Amanda Renteria: There is absolutely. There is research on it. I wish I was more, Lisa probably has it. But there is research on it that people are less inclined to vote for a woman in an executive role. I would argue that seeing presidential candidates that are women now, seeing prosecutors, those kinds of those images just change the way people view it. But to your point about the credibility standard and how do you be authentic and be viewed by the world as an executive manager, holder? I still think we have some ways to go but we’re making progress. But there’s research that supports that idea, that thought.
Mary Hughes: The research is beginning in 1998, the Barbara Lee Family Foundation in Boston has tracked every woman who’s running for governor in the United States to study why it is that there is a more difficult time for women to get elected to executive office than legislative. So you’re absolutely right that it is more difficult. And there are specific hurdles. They’ve published all of the researches online. Tey do a great job and I was happy to be part of that research team. It’s a long study. It’s about 20 years now, in the works, but some very helpful information there. The Barbara Lee Family Foundation. Not Oakland Barbara Lee, but Boston Barbara Lee.
Audience 4: I’m totally sympathetic and supportive of all your work, but I’m curious how you would advise your absent counterparts on the Republican side. Most of the gains in terms of women getting elected, have been on the democratic side, certainly in this past cycle. Would you argue that Republicans would have been more successful, had there been more women under the Republican banner? Or would you argue that the Republican message in policy agenda would be fundamentally different if there were more women candidates and office holders?
Mary Hughes: Gosh, what immediately comes to mind, I’m not sure what we think, but I’m pretty sure they do think that’s right because every time they get an opening for a senate now they appoint a woman. So, I’m pretty sure that they think there must be something to that. That and the rise of Liz Cheney in the leadership and how visible and vocal she has been. And I know she’s coming to California to the Republican convention. So I think that, they must believe that that’s right. I have to say, I really think that it’s about their basic policies and ideology and that you can’t paper it over with some good women out front. So it’s a tough sell.
Laurel Rosenhall: There is in the Republican Party, the California Republican Party is having a race for chair right now. And a woman is a serious contender. So that’s one thing to watch. It would be very interesting if the Republican state party had a woman chair before the Democratic state party did. It would be.

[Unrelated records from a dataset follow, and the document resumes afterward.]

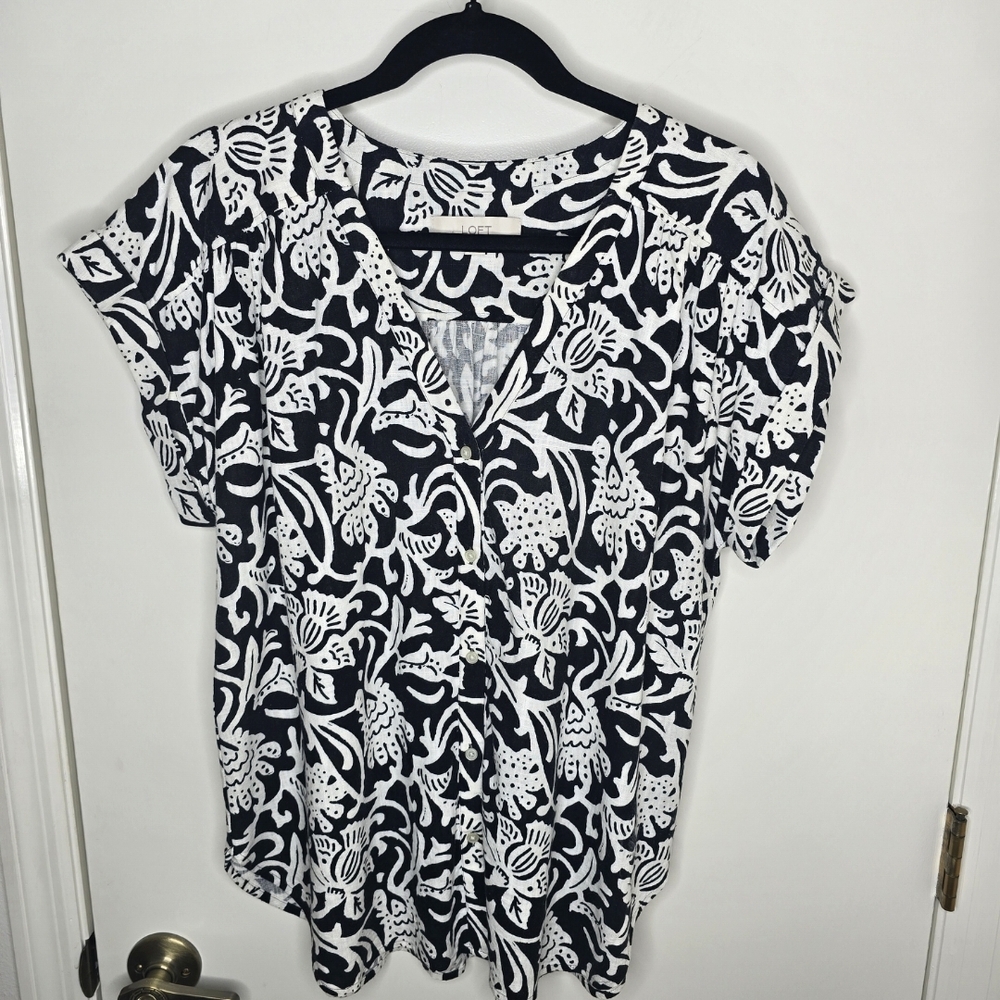 LOFT Black and White Button Down Rayon/Linen Blend Shirt Large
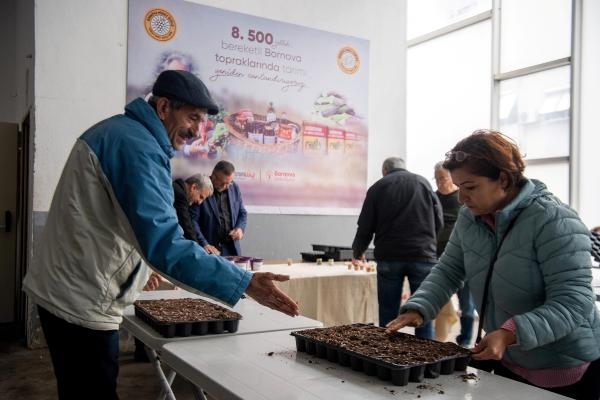 Bornova Belediyesi'nden vatandaşa tohum çimleme eğitimi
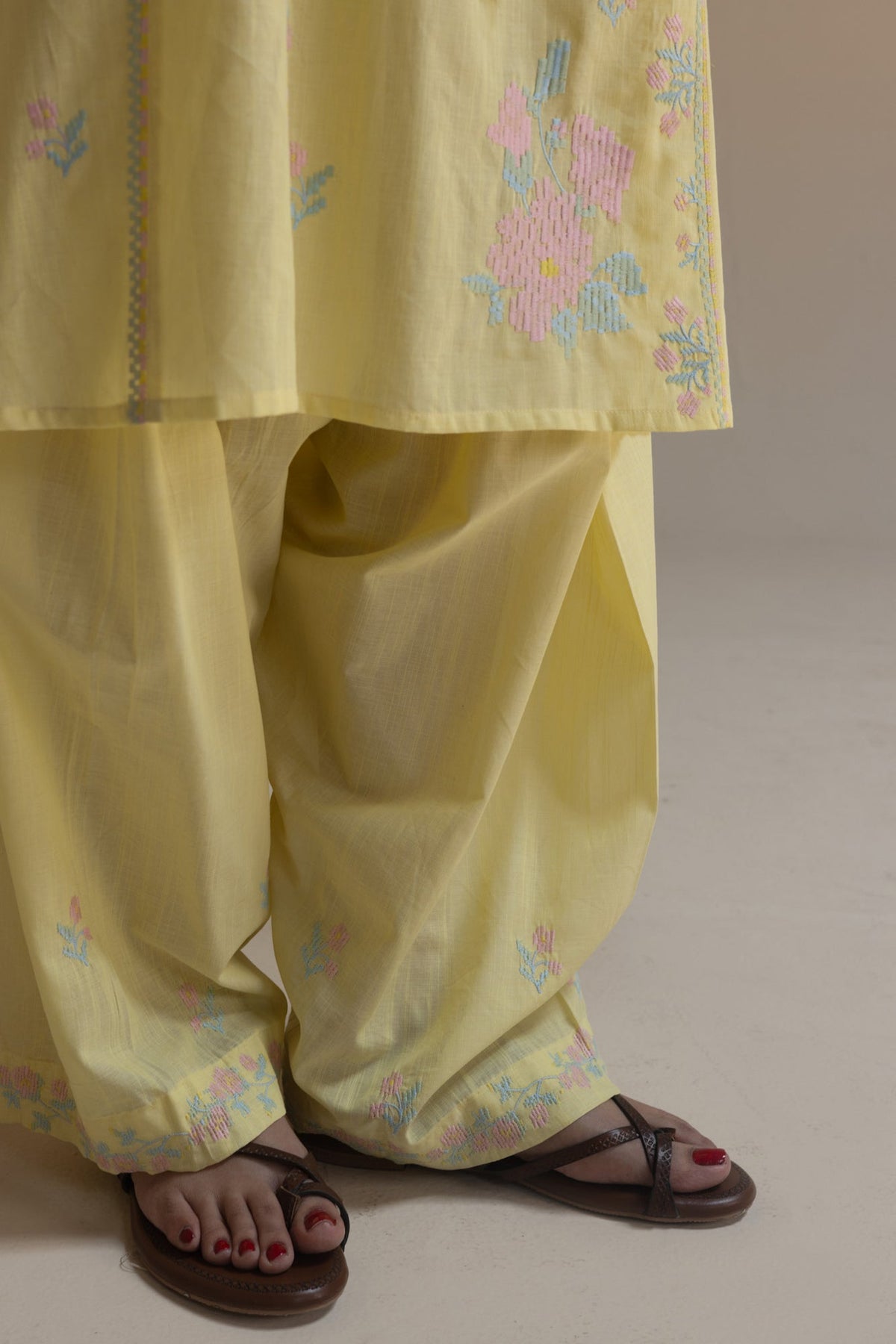 pastelyellow
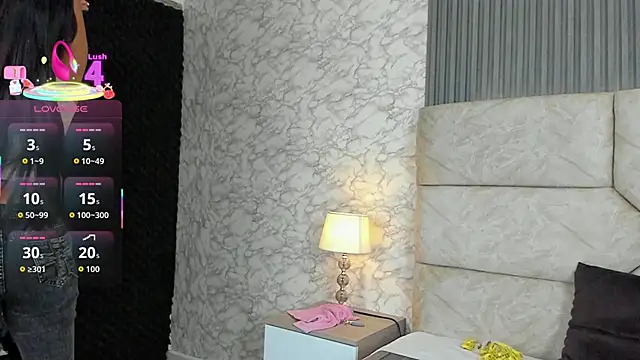 Snapshot of Cris__sweet chatting on 10/18/25, 11:34 Cris sweet online show from 10/18/25, 11:34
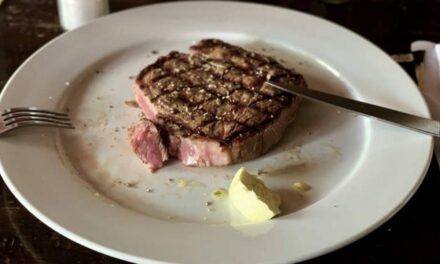 Millionaire Family Awarded $100,000 After Being Falsely Acused of Leaving Restaurant Without Paying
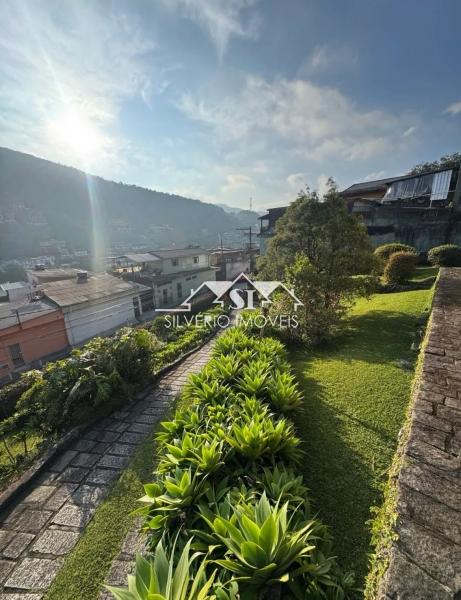 Casa à venda com 3 quartos, 400m² - Foto 17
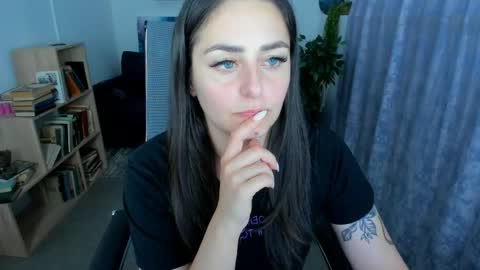 Snapshot of valeriiemills chatting on 06/01/26, 09:49 Valerie online show from 06/01/26, 09:49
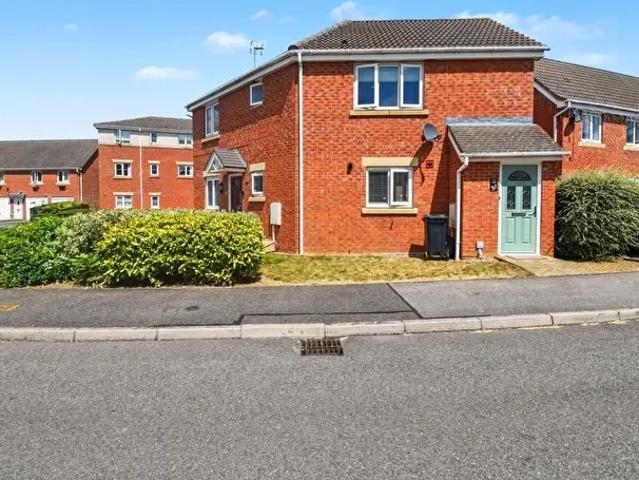 2 Bedroom Flat To Rent In Robin Road, Corby, NN18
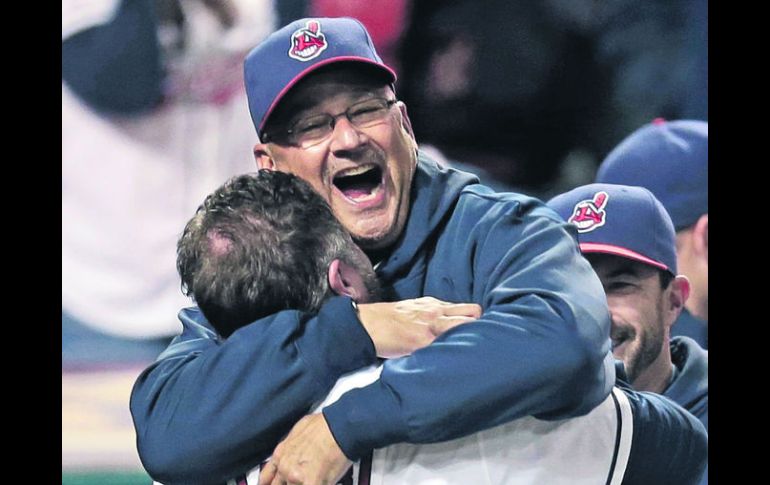 En su primer año al mando de Cleveland, Francona logró que los Indios cosecharan 24 victorias más que la temporada pasada  /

Mary Hughes: But we’ve had them. We’ve had them. Nancy Pelosi was chair of the party.
Amanda Renteria: I think this year for them, for women over there, was really damaging. And when you look at that picture of the house on one side and the democratic delegation on the other side and you saw all the different colors. When you think about that judiciary committee where there’s not one woman on the judiciary committee and in very high profile hearing. This was incredibly, I think, damaging for Republican women. And you hear it here in California. But what I will say is to hear over and over again from the Republican Party that they need to start caring about women because they’re going to lose just infuriates me for, yeah. I’ll end there.
Audience 5: So one of the things as an, I’m a school board trustee. And what I’ve seen is that people run for office for two reasons. Either because they see a need for some issue that they want to see happen or because they see themselves as a leader. Do you think that’s important and where? And if so, how so? Do you understand what I what I mean? Sometimes it’s that somebody sees that something isn’t happening and they’re like, okay, I want to change juvenile justice for instance, and nobody seems to be doing it. So I guess it’s me. I guess I have to do it. Or it’s, I see myself as a senator someday, so I’m going to run for school board, I’m going to run for this. And so whatever the cause of the day is, they address that cause versus seeing a cause that they want to make a difference on. And to me that’s a very important split, but I’m interested in what you think as far as women running for office, whether that’s important.
Amanda Renteria: I think just on a personal level as a public servant for so long working, I’ve always believed that if you’re going to be in this really honored position or honored industry, it is about others and it is about making sure that we have a society that’s good for all. And I struggle a little bit in folks who want a title because I just think you know, the beauty of who we are as a country, the beauty of what our public institutions are, that sincerity of why you’re there about really serving is important, for me just personally.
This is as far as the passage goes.